We need to print number (for simplicities sake, ONE digit numbers) so we need to make sure we have the ASCII values of it, in memory (ASCII of 0 is 48, 1 is 49 and so on..).
If you look at the C code, we will need keep count of the number of items we have remaining to print. And then we need two locations to store previous and current values of the sequence. A very important thing to remember is that all memory is initialized to 0 at the start and we are relying on this for it to work. Also, the looping statements compare the memory location currently being referred (where your current pointer is) to against 0 and if it is true it breaks otherwise loops.
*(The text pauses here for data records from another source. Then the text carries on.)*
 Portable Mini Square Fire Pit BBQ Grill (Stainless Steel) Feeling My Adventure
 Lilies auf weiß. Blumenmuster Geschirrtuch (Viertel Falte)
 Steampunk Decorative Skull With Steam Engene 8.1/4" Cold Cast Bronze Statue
Writing a simple pseudocode (in terms of only Brainf*k) :

Initialize a location A to 32
Initialize a location B to 48
Initialize a location C to 5
Initialize a location D and E to 1.
Set current Location to C.
Start a Loop
Add B to E and F.
Print E.
Subtract B from E
Add D to E and F
Copy E to D
Copy F to E
Reduce C by 1 and Set it as the current location
End Loop


Basically, it was very easy to write this pseudocode. The issue with Braninf*k is that it does not have a COPY instruction for us to use, and so we need to use a looping statement to copy data. But the problem is that to ensure that the loop is executed the correct number of times, we will need to destroy the original value. To get around this, we always update two locations (one where we need it to be copied and the other a temporary!) and then we copy back from the temporary which also destroys it!

Also the A,B,C,D,E and F are all contiguous in memory and so I am using a[0],a[1]…a[6] to refer to them in the code !
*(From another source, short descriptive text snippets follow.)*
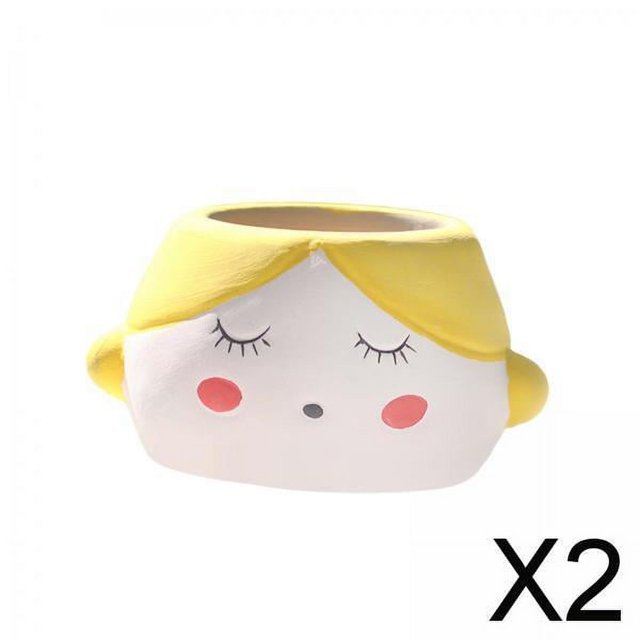 Maceta decorativa de cerámica para niña, maceta con cabeza para oficina, mesa de alféizar, 2xGirl 2 piezas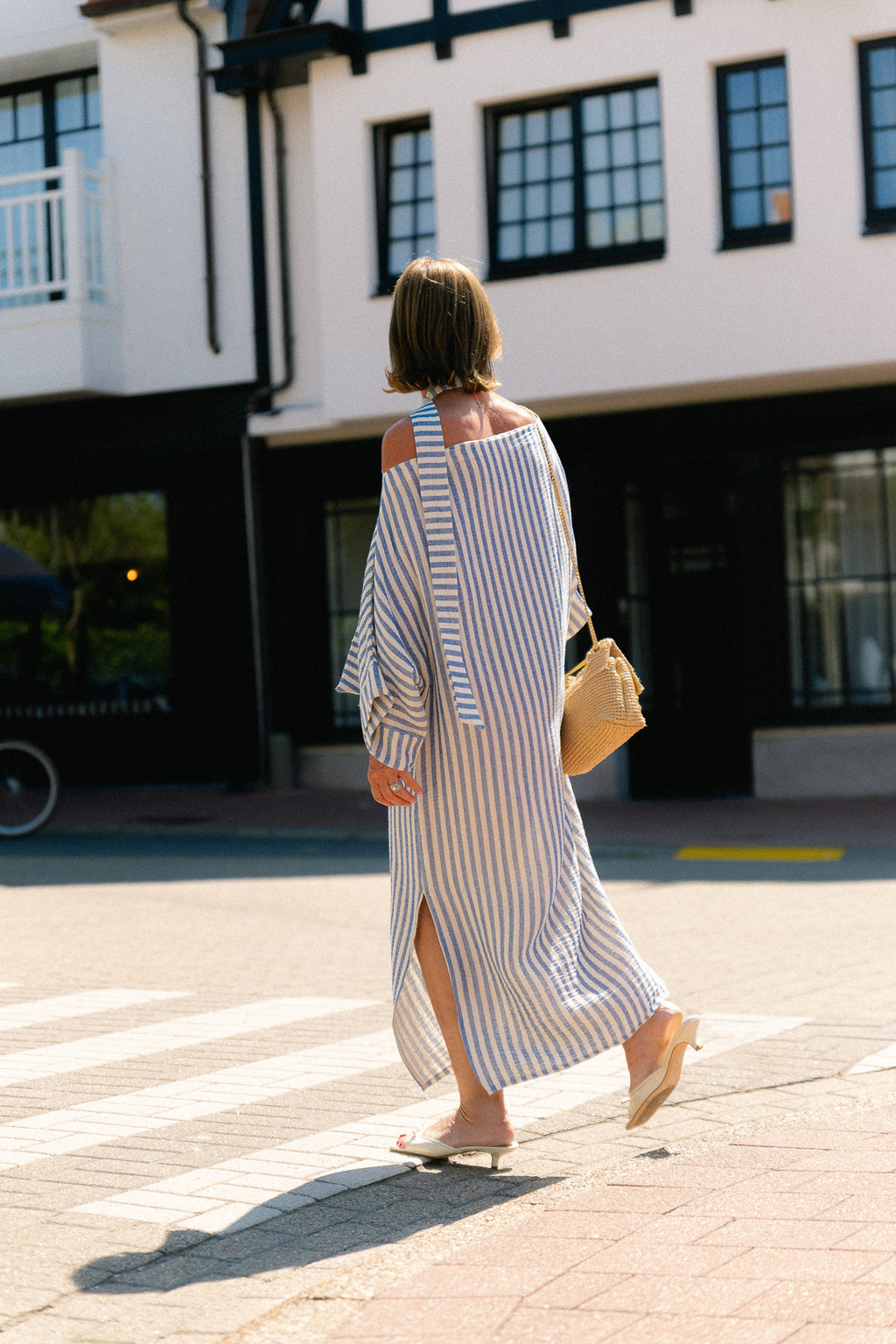 Maelys striped off-shoulder dress ecru/blue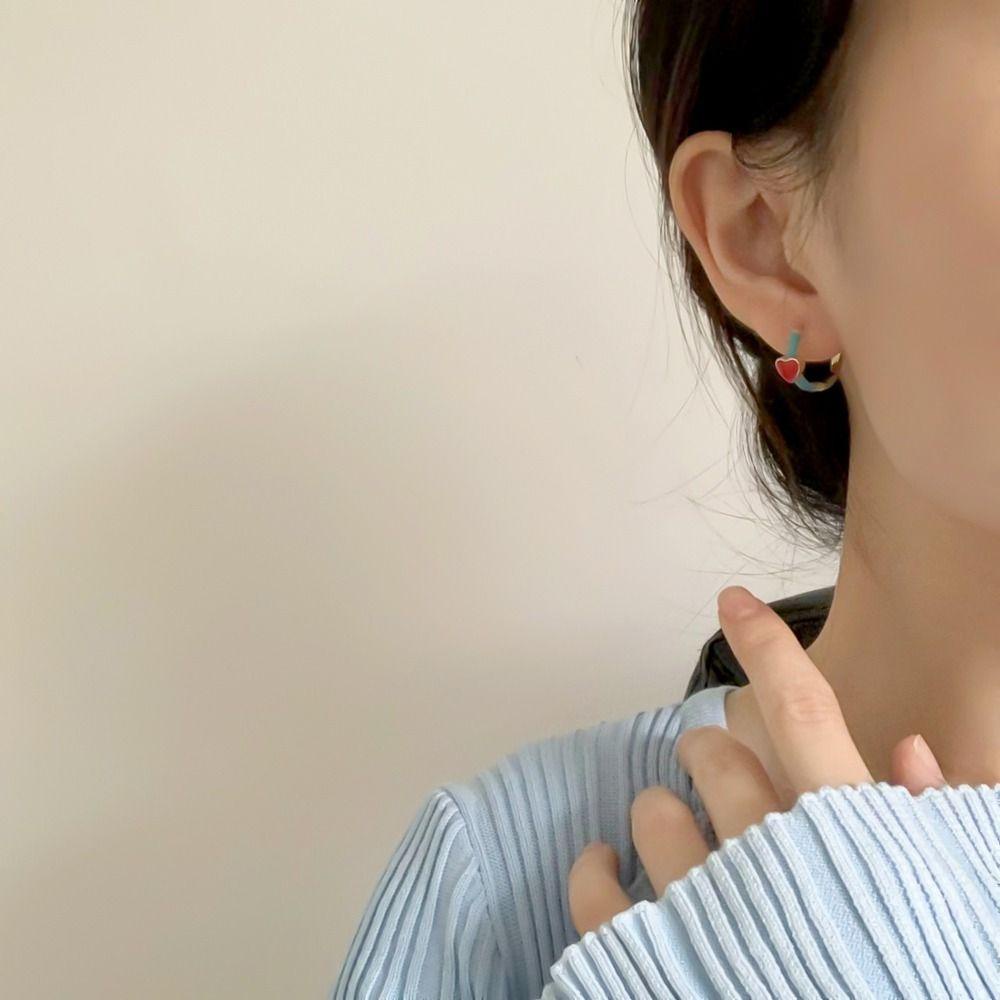 Mxbeauty Wanita Anting Hoop Manis Indah Retro Trendi Perhiasan Fashion Telinga Stud Berbentuk Hati Alloy Gaya Korea Earrings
Here is the final version.

++++++++[>++++>++++++<<-]>>>++++++>+>+<<-[<[>>>+>+<<<<-]>>>.<<<<.>>>>>[<-<<<+>>>>-]<[>+>+<<-]<[>>>+<<<-]>>[<<+>>-]>[<<+>>-]<<<<-]


To make sense of it I have divided it into parts. Some parts have not been commented and are left as an exercise for you to figure out ( I know I am mean 😉 ).

++++++++[>++++>++++++<<-] //32 48
>>>++++++ //6
>+>+<<- //Set first two values to 1 and reduce the number of terms to be printed to 5.
[
<[>>>+>+<<<<-]
>>>.//print the number
<<<<.//print space
>>>>>[<-<<<+>>>>-]
<[>+>+<<-]
<[>>>+<<<-]
>>[<<+>>-]//copy from a[6] to a[4]
>[<<+>>-]//copy from a[7] to a[5]
<<<<-//decrement the value
]


All right. Pretty cool huh! Well as a real mind-boggler you can try making it print N numbers (dont worry about printing it right, just print out the actual value encoded by ascii ).

You could use it to even encrypt messages in a really wierd way. Oh almost forgot. To run your Brainf*k programs use the following website. They have an online interpreter and a debugger of sorts too : www.brainfk.tk

I hope you liked your Christmas Present ;-). Merry Christmas and a Happy New Year… Ho oh ho 😛